WHAT YOU WILL DO —
In the data below, find the line containing "Imagen de la", then set down that line and every later line up to and including the line containing "EQUIPMENT Silk Lynn", exactly.

MATERIAL SHOWN —
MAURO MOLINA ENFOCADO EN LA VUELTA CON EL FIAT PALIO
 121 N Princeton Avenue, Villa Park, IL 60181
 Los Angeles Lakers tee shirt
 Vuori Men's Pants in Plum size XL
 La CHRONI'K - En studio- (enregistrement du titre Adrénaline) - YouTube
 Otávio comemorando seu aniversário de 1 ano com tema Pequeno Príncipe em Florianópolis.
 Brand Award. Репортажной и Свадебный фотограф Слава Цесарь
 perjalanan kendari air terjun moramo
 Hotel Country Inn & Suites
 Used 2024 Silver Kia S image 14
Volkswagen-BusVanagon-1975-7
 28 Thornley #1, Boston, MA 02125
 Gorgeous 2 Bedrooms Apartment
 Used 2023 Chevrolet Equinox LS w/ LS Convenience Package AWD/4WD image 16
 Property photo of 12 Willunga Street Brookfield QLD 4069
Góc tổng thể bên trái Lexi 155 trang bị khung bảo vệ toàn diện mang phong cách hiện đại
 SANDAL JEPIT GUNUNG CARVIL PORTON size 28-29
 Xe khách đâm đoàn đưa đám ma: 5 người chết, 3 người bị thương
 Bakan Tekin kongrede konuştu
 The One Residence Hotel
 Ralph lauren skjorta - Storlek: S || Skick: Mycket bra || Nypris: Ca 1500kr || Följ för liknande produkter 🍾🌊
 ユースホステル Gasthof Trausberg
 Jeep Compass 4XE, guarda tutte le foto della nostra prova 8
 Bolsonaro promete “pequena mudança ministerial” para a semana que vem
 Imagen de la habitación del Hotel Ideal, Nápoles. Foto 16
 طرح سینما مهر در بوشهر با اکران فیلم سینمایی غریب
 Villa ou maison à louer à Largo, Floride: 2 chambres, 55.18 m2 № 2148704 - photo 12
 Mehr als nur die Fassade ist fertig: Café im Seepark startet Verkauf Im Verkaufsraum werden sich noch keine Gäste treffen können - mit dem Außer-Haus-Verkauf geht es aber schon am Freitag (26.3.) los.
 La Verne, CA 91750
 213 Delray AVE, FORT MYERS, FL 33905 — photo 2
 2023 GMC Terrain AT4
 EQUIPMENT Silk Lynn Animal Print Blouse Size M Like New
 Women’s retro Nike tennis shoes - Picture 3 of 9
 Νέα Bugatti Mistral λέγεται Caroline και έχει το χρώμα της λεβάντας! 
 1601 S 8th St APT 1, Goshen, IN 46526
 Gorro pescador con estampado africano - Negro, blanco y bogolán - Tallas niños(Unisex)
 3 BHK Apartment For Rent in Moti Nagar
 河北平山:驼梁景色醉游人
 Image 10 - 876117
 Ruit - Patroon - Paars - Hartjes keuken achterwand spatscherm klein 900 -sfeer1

RESULT OF THE EXERCISE —
 Imagen de la habitación del Hotel Ideal, Nápoles. Foto 16
 طرح سینما مهر در بوشهر با اکران فیلم سینمایی غریب
 Villa ou maison à louer à Largo, Floride: 2 chambres, 55.18 m2 № 2148704 - photo 12
 Mehr als nur die Fassade ist fertig: Café im Seepark startet Verkauf Im Verkaufsraum werden sich noch keine Gäste treffen können - mit dem Außer-Haus-Verkauf geht es aber schon am Freitag (26.3.) los.
 La Verne, CA 91750
 213 Delray AVE, FORT MYERS, FL 33905 — photo 2
 2023 GMC Terrain AT4
 EQUIPMENT Silk Lynn Animal Print Blouse Size M Like New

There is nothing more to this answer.